Website installation instructions (Ubuntu 16.04, Python 2.7.6)

  1. Install Redis as the results backend

    sudo add-apt-repository -y ppa:chris-lea/redis-server 
    sudo apt-get update
    sudo apt-get install redis-server
    sudo service redis start
  2. Install RabbitMQ as the message broker

    echo "deb https://dl.bintray.com/rabbitmq/debian xenial main" | sudo tee /etc/apt/sources.list.d/bintray.rabbitmq.list 
    wget -O- https://dl.bintray.com/rabbitmq/Keys/rabbitmq-release-signing-key.asc |
         sudo apt-key add - 
    sudo apt-get update 
    
    wget https://packages.erlang-solutions.com/erlang-solutions_1.0_all.deb 
    sudo dpkg -i erlang-solutions_1.0_all.deb
    sudo apt-get update
    sudo apt-get install erlang 
    sudo apt-get install rabbitmq-server # on OS X, brew install rabbitmq
    
    sudo service redis start 
    sudo service rabbitmq-server start
  3. Install uWSGI

    pip install uwsgi
    sudo apt-get install nginx
    sudo /etc/init.d/nginx start
  4. Test that uWSGI is working by temporarily running the webserver

    uwsgi --http :8000 --wsgi-file wsgi.py

    and in a new terminal window...

    curl http://localhost:8000
  5. Inside the askcos folder, get uwsgi_params

    wget https://raw.githubusercontent.com/nginx/nginx/master/conf/uwsgi_params
  6. Edit /etc/nginx/nginx.conf as needed, according to http://uwsgi-docs.readthedocs.io/en/latest/tutorials/Django_and_nginx.html and/or using the nginx.conf file provided in the deploy subfolder as a template

  7. Start the uWSGI server (long-term, this should be run as a service)

    uwsgi --socket :8000 --wsgi-file wsgi.py
  8. Start the NGINX server

    sudo service nginx start
  9. Test basic website functionality

    • SCScore
    • Buyable page
    • Drawing
    • Saving/restoring pages
  10. Test Celery functionality by starting up context recommender workers 1.

     ```
     celery -A askcos_site worker -c 1 -Q cr_coordinator -n "cr_coordinator@$(hostname)" --max-tasks-per-child 1000 --loglevel=$CELERY_LOG_LEVEL  --logfile=celery_logs/%p.log &
     celery -A askcos_site worker -c 1 -Q cr_network_worker -n "cr_network_worker@$(hostname)" --max-tasks-per-child 5000 --loglevel=$CELERY_LOG_LEVEL  --logfile=celery_logs/%p.log &
     ```
    
    1. Go to the /context/ page on the website and make a request for the neurla network context recommender model
  11. Edit spawn_workers.sh to reflect the anticipated server load (i.e., number of workers needed to support each task) before running the script to spawn them.

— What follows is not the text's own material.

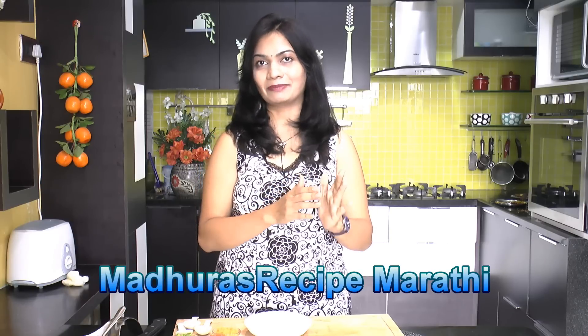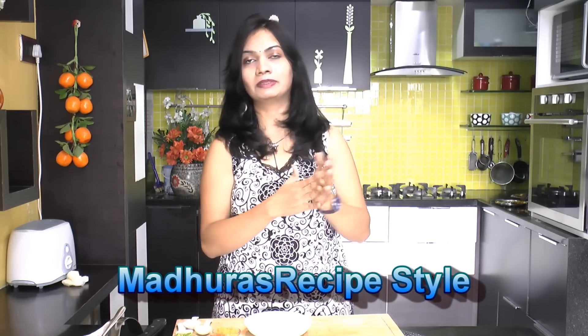Hello friends, I'm Madhura, welcome to MadhurasRecipe.com. Along with this Madhuras Recipe channel, we have Madhuras Recipe Marathi covering Maharashtrian regional recipes, Madhuras Recipe Quick for quick and easy recipes, and Madhuras Recipe Style for personal vlogs, diet tips, and beauty tips. Please subscribe to all three channels — links are in the description box below.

    note: if you want the workers to run on a separate server, you will need to edit askcos/askcos_site/celery.py to give an explicit SERVERHOST instead of localhost. You will also need to open up the ports for the message broker (5672) and redis server (6379) to the other server.

Setting up the Celery workers on a different server from the Webserver

For scalability, it is possible to have the webserver and compute servers completely separately. The webserver will host the website, RabbitMQ, and Redis servers. The compute server will be where Celery workers are spun up.

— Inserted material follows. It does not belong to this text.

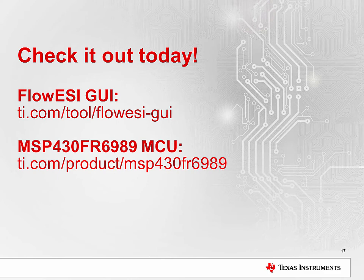That's it — our simple GUI for configuration of the new Extended Scan Interface peripheral on the MSP430 FR6X microcontrollers. For more information on the FlowEasy GUI, visit ti.com/tool/floweasy-GUI. And to learn more about the MSP430 FR6989 that enables our Extended Scan Interface, check out the ti.com/product/MSP430FR6989 page. Thanks for watching.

  1. If using AWS, open up connections between instances in the same security group (following the slightly-outdated https://docs.aws.amazon.com/AWSEC2/latest/UserGuide/security-group-rules-reference.html#sg-rules-other-instances)

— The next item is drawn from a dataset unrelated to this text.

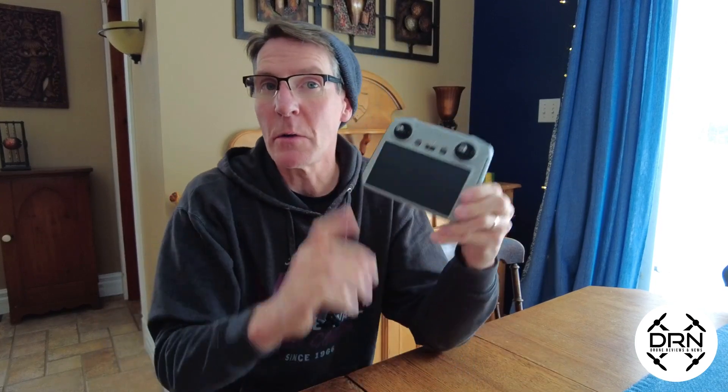Hey guys, Dave from DroneReviewsAndNews.com. If you saw our Instagram, social posts, or our website post last week, you'll see that the Mavic 3 Classic is available as drone only. So if you have an existing DJI remote control — whether it's the RC, the RC Pro, or the RCN1 — you can just go ahead and buy the Mavic 3 Classic drone only. Today we're going to show you how to pair your existing DJI remote control to the Mavic 3 Classic.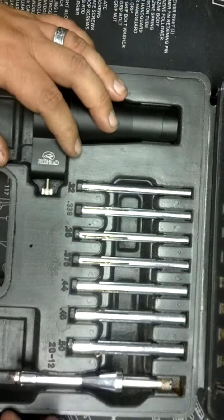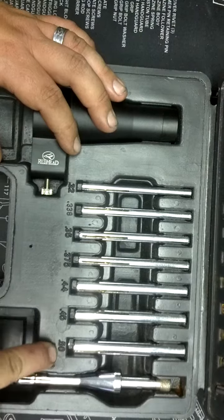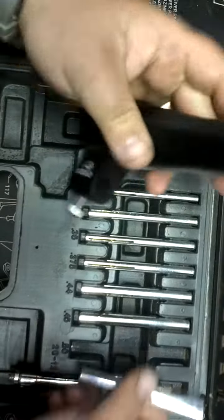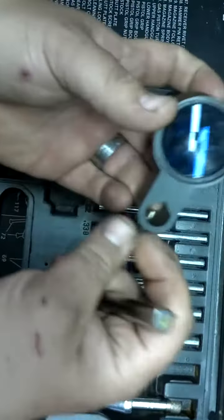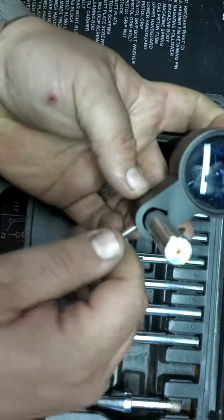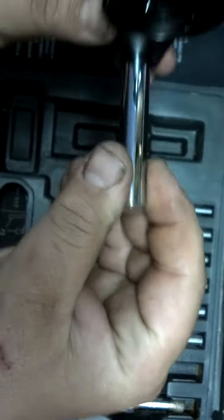Basically, these arbors go into the barrel — whether it be .50 cal or .177, whatever one you're going to use — and then the collimator clamps onto the arbor. On this flat point here, you unscrew it and insert the largest arbor that fits until it bottoms out, then stick it in the chamber and sight your scope in.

  2. [On the webserver] Allow remote connections to RabbitMQ. It is possible to create specific users for the default vhost to limit access, but it is easiest to open up all remote connections to the "guest" user (https://www.rabbitmq.com/access-control.html). This relies on non-RabbitMQ security measures to prevent unwanted connections to the server's port. Create /etc/rabbitmq/rabbitmq.conf if it does not exits and enter one line:

    loopback_users = none
  3. [On the webserver] Edit /etc/redis/redis.conf to allow remote connections from worker machine. Ideally, you can bind to a specific IP by editing the bind 127.0.0.1 line. This seems to work fine on our local servers but did not work well on AWS. The alternative is to completely open up connections by changing the bind line to bind 0.0.0.0 and edit the following block to say protected-mode off. As with the RabbitMQ settings, this means that Redis will rely on other firewalls/security measures.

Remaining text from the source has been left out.